Task directions: The answer must consist solely of the lines below starting at the one containing "Abstract oil drops" and ending at the one containing "A pair of metal", repeated exactly, with both ends included and all pictures omitted.

Input data:

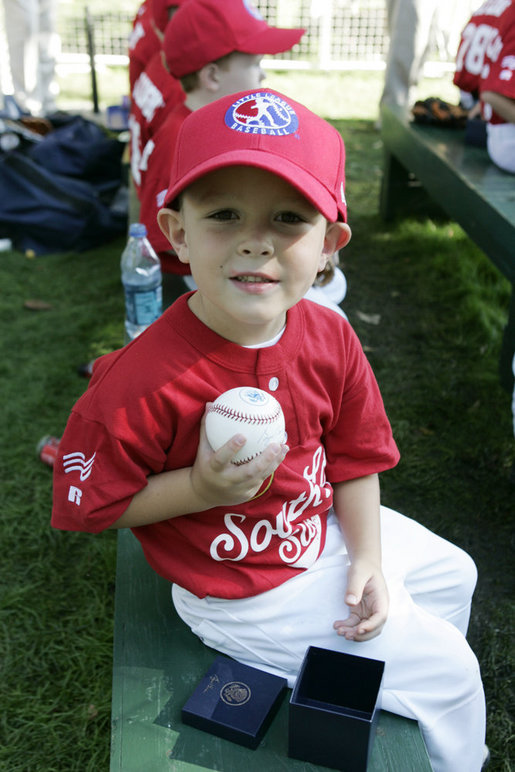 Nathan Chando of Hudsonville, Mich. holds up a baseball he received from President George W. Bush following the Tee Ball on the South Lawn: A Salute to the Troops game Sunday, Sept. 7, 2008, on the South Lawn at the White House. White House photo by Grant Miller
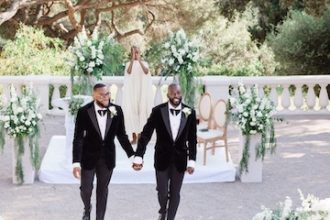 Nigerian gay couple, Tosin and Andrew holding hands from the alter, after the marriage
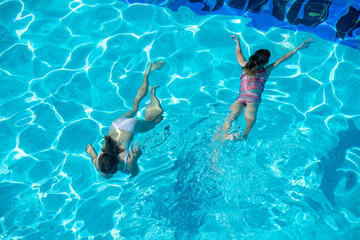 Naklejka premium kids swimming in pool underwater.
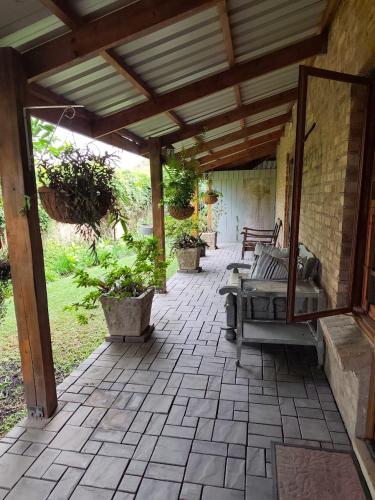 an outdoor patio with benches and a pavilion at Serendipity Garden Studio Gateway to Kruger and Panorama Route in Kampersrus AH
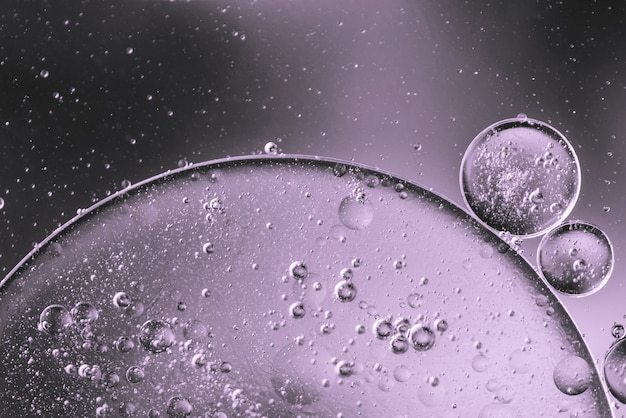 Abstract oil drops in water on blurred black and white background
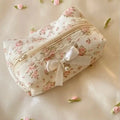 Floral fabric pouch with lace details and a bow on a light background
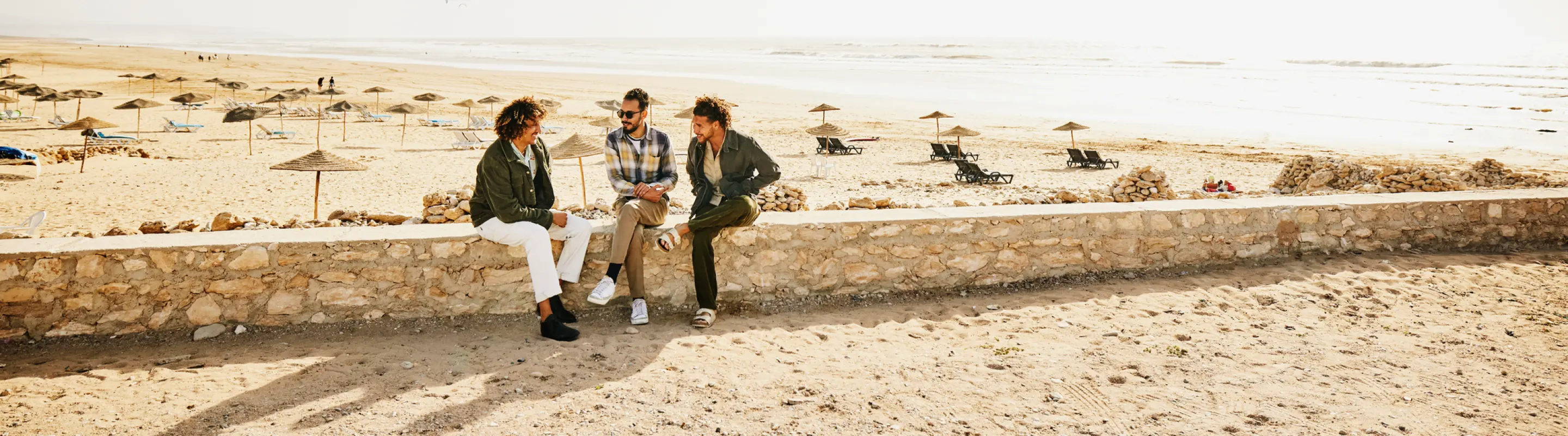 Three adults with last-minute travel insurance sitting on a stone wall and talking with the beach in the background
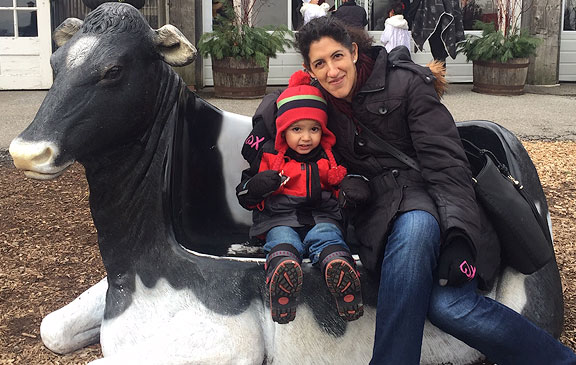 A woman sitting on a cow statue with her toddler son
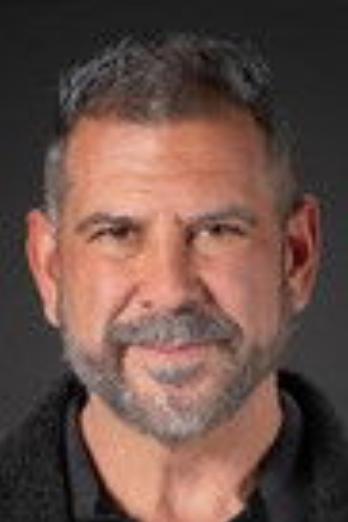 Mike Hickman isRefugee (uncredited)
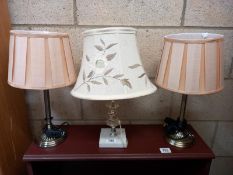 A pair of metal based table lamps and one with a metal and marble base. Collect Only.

...

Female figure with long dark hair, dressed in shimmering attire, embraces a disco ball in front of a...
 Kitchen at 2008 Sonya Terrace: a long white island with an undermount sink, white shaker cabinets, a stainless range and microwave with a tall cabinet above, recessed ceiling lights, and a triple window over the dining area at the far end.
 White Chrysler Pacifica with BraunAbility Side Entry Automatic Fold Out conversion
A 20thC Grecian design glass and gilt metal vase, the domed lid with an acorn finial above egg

==

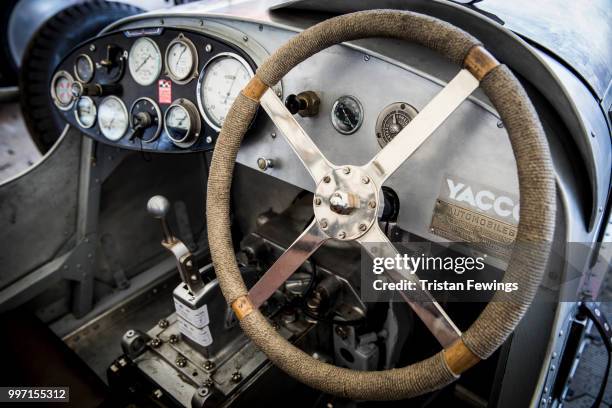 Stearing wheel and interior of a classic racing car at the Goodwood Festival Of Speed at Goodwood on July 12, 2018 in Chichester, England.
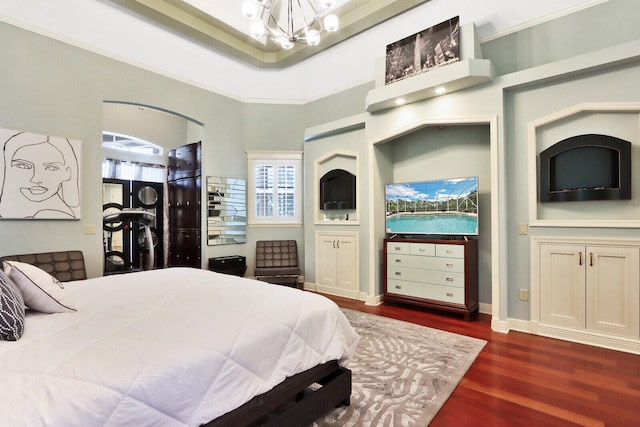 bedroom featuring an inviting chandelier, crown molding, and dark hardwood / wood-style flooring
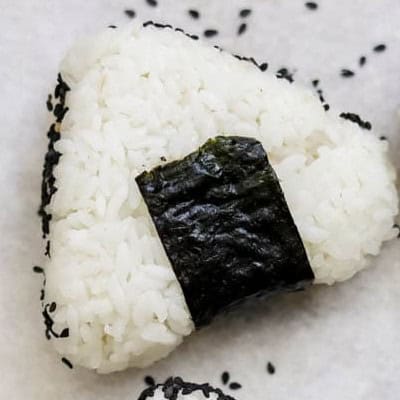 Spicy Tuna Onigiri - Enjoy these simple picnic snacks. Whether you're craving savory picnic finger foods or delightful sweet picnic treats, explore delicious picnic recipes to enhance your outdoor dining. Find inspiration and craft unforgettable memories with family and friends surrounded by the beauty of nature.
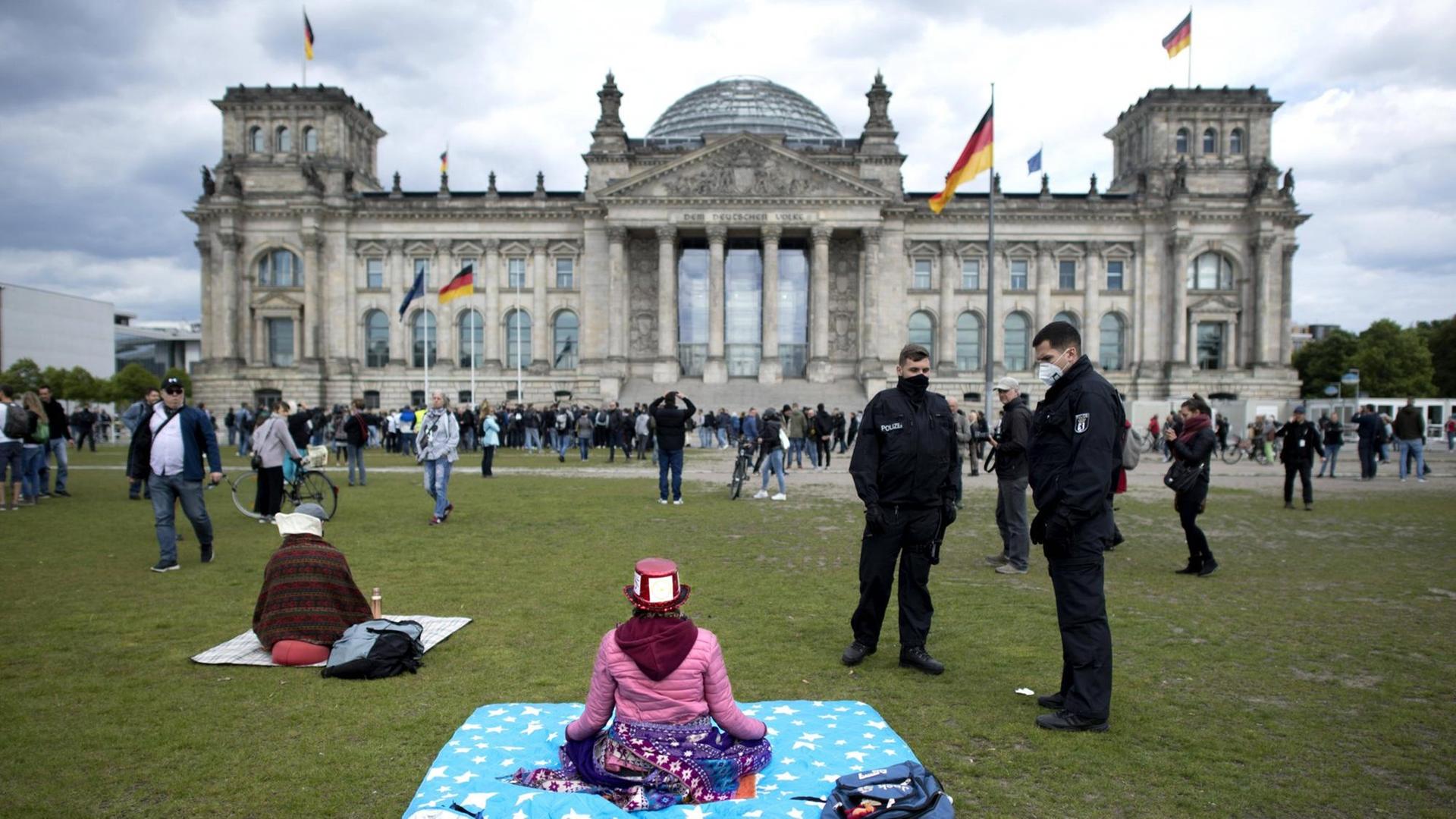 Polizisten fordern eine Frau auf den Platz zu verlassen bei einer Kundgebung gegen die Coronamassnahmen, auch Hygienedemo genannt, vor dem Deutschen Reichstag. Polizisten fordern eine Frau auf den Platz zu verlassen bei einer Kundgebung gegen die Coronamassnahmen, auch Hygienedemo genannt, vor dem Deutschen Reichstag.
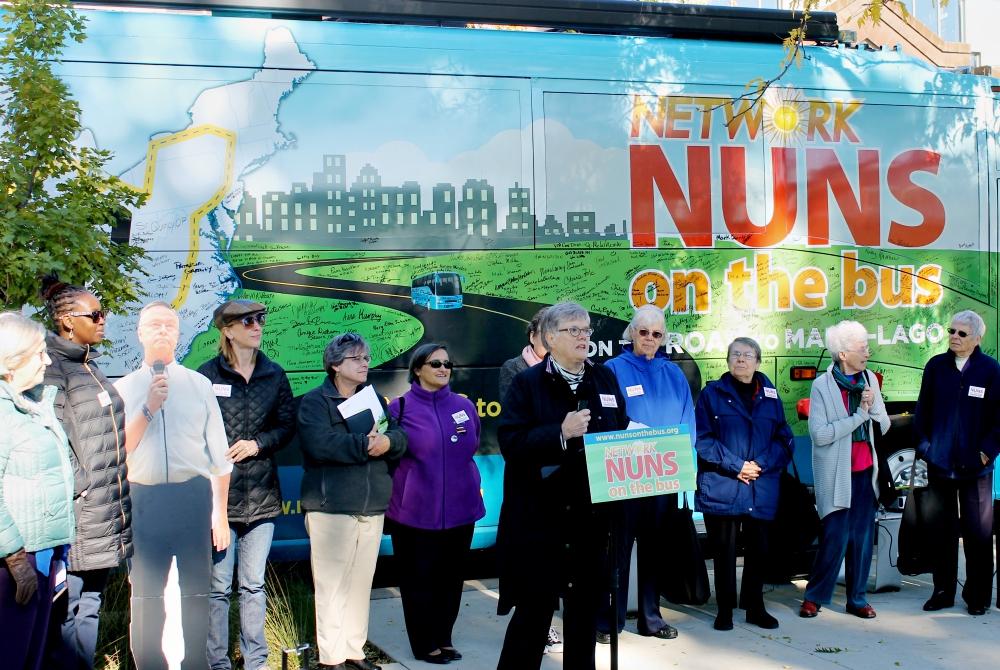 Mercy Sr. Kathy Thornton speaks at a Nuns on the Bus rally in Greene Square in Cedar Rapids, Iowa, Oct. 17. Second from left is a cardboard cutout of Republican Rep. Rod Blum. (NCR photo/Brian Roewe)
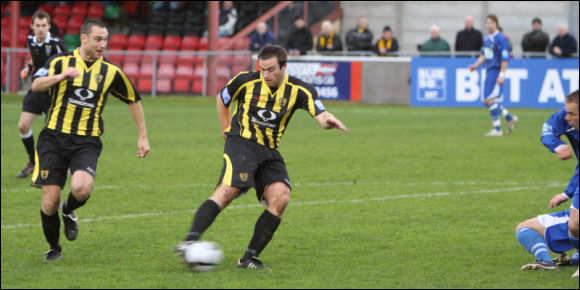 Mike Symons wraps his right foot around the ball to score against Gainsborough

Problem solution:
 Abstract oil drops in water on blurred black and white background
 Floral fabric pouch with lace details and a bow on a light background
 Three adults with last-minute travel insurance sitting on a stone wall and talking with the beach in the background
 A woman sitting on a cow statue with her toddler son
 Mike Hickman isRefugee (uncredited)
 A pair of metal based table lamps and one with a metal and marble base. Collect Only.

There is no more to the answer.